TIGIT is a novel inhibitory immune checkpoint that suppresses the immune response to cancer. In preclinical studies, the drug appeared to act as an immune amplifier with other cancer immunotherapies. While distinct, the TIGIT pathway is complementary to the PD-L1/PD-1 pathway, which is the inhibitor immune checkpoint pathway affected by most immuno-oncology therapies to date. The hope is that by using both tiragolumab and Tecentriq, it might overcome immune suppression and restore the immune response.

This may be particularly bad news for Genentech and other companies working to develop anti-TIGIT checkpoint inhibitors. On March 29, Genentech reported on Phase III Skyscraper-02 trial of the tiragolumab and Tecentriq combination with chemotherapy as first-line therapy for extensive-stage small cell lung cancer (ES-SCLC). That study also failed to hit the co-primary endpoint of PFS. The co-primary endpoint of OS also was not met at the trial’s interim analysis, and the company indicated it was unlikely to hit statistical significance at the final analysis.

At that time, Garraway noted that the “outcome is disappointing as we had hoped to continue building on the advances of Tecentriq in extensive-stage small-cell lung cancer, which remains difficult to treat.”

Tiragolumab was granted Breakthrough Therapy Designation by the U.S. Food and Drug Administration in 2021 for the initial treatment of PD-L1-high metastatic NSCLC based on the data from the Phase II CITYSCAPE trial.

BeiGene and Novartis are also working to develop an anti-TIGIT therapy, ociperlimab.

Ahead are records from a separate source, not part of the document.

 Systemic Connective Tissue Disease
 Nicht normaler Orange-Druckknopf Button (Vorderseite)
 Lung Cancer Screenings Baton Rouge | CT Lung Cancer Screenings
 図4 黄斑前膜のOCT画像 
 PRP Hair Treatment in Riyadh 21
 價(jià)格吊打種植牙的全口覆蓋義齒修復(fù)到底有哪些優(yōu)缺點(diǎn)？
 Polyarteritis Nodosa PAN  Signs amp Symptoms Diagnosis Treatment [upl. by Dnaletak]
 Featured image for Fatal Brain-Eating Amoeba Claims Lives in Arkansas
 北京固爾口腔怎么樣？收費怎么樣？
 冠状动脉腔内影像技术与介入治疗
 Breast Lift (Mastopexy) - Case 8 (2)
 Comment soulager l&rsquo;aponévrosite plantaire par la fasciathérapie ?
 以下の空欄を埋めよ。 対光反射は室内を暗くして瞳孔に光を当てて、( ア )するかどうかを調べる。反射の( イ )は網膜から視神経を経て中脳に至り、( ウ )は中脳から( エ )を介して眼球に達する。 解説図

Others in the class include Merck’s vibostolimab, Arcus Biosciences’ domvanalimab, iTeos Therapeutics’ EOS448, Compugen’s COM902, Bristol Myers Squibb’s BMS-986207, Agenus Biosciences’ AGEN307 and others.

A report on the TIGIT market by Kuick Research noted that “Immunotherapeutic monoclonal antibodies have revolutionized the management of cancer over the past few years by demonstrating superior tolerability and major improvements in long-term survival. However, genomic analyses have revealed that several factors and multiple signaling pathways are involved in the development of cancer and other complex disorders. To enhance the efficacy of the treatment, researchers have also developed their effective counterparts, bispecific antibodies which have the ability to bind to two different antigens simultaneously.” The report goes on to specifically call out AGEN1777, developed by Agenus as a potentially first-in-class bispecific anti-TIGIT antibody.